- Decades:: 1930s; 1940s; 1950s; 1960s; 1970s;
- See also:: Other events of 1956; History of Romania; Timeline of Romanian history; Years in Romania;

= 1956 in Romania =

Events from the year 1956 in Romania. At the University of Bucharest, students demonstrated in support of the Hungarian Revolution.
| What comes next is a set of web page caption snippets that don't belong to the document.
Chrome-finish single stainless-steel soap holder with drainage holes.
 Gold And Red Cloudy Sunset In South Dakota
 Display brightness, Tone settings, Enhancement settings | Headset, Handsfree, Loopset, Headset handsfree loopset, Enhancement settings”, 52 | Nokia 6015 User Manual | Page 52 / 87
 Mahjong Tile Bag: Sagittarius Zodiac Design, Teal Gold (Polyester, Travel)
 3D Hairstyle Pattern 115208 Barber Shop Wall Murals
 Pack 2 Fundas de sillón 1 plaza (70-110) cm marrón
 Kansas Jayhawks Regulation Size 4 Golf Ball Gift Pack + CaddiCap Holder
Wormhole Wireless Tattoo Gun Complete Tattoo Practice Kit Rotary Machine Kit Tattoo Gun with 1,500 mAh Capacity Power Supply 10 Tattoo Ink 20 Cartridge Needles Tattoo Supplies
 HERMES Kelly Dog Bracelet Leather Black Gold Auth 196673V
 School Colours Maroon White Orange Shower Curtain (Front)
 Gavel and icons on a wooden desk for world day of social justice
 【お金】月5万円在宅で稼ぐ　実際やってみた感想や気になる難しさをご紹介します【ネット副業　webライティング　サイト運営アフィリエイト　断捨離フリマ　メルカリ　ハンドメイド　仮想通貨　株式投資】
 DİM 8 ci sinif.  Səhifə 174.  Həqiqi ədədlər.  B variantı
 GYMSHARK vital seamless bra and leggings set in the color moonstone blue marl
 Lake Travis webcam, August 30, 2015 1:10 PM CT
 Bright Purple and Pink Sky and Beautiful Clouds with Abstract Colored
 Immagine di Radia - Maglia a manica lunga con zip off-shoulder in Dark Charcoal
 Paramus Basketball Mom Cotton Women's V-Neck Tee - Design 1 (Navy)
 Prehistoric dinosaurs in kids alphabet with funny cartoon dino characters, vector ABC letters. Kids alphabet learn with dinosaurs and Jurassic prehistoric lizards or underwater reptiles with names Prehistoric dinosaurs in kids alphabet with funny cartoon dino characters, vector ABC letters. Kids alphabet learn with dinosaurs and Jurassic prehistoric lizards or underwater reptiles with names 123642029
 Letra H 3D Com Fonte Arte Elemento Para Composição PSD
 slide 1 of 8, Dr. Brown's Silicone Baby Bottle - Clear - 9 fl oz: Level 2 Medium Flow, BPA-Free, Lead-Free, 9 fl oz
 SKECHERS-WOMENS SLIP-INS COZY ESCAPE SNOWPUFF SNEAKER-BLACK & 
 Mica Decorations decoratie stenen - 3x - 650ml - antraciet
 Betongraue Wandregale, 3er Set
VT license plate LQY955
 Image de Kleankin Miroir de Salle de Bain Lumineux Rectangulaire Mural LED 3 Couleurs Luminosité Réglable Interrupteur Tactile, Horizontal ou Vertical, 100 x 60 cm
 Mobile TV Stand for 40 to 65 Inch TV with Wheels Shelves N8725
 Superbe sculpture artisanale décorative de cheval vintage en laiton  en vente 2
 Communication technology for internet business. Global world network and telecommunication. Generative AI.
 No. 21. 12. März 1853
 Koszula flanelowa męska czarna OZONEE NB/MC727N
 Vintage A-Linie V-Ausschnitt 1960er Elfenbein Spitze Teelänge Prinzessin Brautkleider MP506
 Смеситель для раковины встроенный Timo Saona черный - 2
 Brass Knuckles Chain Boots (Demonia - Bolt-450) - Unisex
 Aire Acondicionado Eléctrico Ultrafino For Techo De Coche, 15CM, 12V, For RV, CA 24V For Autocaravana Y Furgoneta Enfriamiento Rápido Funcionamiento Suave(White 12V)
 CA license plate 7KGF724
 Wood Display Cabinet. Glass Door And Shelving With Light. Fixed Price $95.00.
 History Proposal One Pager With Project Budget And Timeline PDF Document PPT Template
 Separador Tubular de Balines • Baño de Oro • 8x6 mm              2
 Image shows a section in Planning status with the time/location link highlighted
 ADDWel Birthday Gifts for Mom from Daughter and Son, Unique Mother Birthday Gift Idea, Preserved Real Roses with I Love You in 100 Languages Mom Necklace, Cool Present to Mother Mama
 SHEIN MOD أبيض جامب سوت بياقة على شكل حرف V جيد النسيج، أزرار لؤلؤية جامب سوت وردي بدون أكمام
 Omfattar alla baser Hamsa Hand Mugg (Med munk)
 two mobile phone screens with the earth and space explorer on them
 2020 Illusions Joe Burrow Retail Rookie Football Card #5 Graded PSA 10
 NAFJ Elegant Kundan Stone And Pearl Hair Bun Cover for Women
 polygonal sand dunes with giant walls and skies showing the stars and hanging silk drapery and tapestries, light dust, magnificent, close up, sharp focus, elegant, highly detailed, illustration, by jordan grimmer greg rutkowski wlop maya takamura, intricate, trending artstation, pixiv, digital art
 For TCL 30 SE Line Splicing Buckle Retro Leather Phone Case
The year also saw the end of the last SovRom joint enterprises and the first broadcast from TVR, Romania's first TV network.

==Incumbents==
- President of the Provisional Presidium of the Republic: Petru Groza.
- Prime Minister: Chivu Stoica.
- General Secretary of the Romanian Communist Party: Gheorghe Gheorghiu-Dej.

==Events==
- 10 February – Romania signs a reciprocal arrangement with Yugoslavia regarding air routes.
- 26 June – Following a three day visit from Yugoslavia's President Josip Broz Tito, a joint communique is signed between Romania and Yugoslavia promoting nuclear disarmament and free trade.
- 8 July – The Romania women's national handball team are declared World Champions in Frankfurt.
- 22 October – The last SovRom joint enterprises with the Soviet Union, Sovromcuarț and Sovrompetrol, are dissolved.
- 5 November – Students at the University of Bucharest protest in support of the Hungarian Revolution. The movement is repressed.
- 22 November – Imre Nagy arrives in Bucharest after being arrested, ending the Hungarian Revolution.
- 31 November – The first TV network in the country, Televiziunea Română, (TVR) makes its first broadcast.

==Births==
- 10 February – Mariana Marin, poet (died 2003).
- 24 February – Sanda Toma, rower, gold medalist at the 1980 Summer Olympics.
- 28 February – Paul Pîrșan, agronomist.
- 10 April – Ioan Sauca, priest of the Romanian Orthodox Church, academic, and acting general secretary of the World Council of Churches.
- 19 April – Sofia Corban-Banovici, rower, gold medalist at the 1984 Summer Olympics.
- 12 May – Ilan Gilon, Israeli politician (died 2022)
- 1 June – Mircea Cărtărescu, poet, writer and literary critic.
- 19 August – Titu Andreescu, mathematician.
- 11 October – Nicolae Ungureanu, footballer (died 2026)
- 27 October – Valentin Radu, artistic director and conductor.
- 27 December – Doina Melinte, athlete, gold medalist at the 1984 Summer Olympics (died 2008).

==Deaths==
- 12 March – Emil Calmanovici, engineer, businessman, and communist militant, died in Aiud Prison (born 1896).
- 22 April – Otto Roth, Commissioner-in-Chief of the Banat Republic (born 1884).
- 5 May – Miklós Nyiszli, Hungarian survivor of the Holocaust (born 1901).
- 22 May – Ion Călugăru, writer, playwright and journalist (born 1901).
- 17 June – Artur Văitoianu, general in World War I who served as a Prime Minister of Romania in 1919 (born 1864).
- 6 September – Abraham Leib Zissu, political essayist and writer (born 1888).
- 22 December – Nicolae Labiș, poet (born 1935).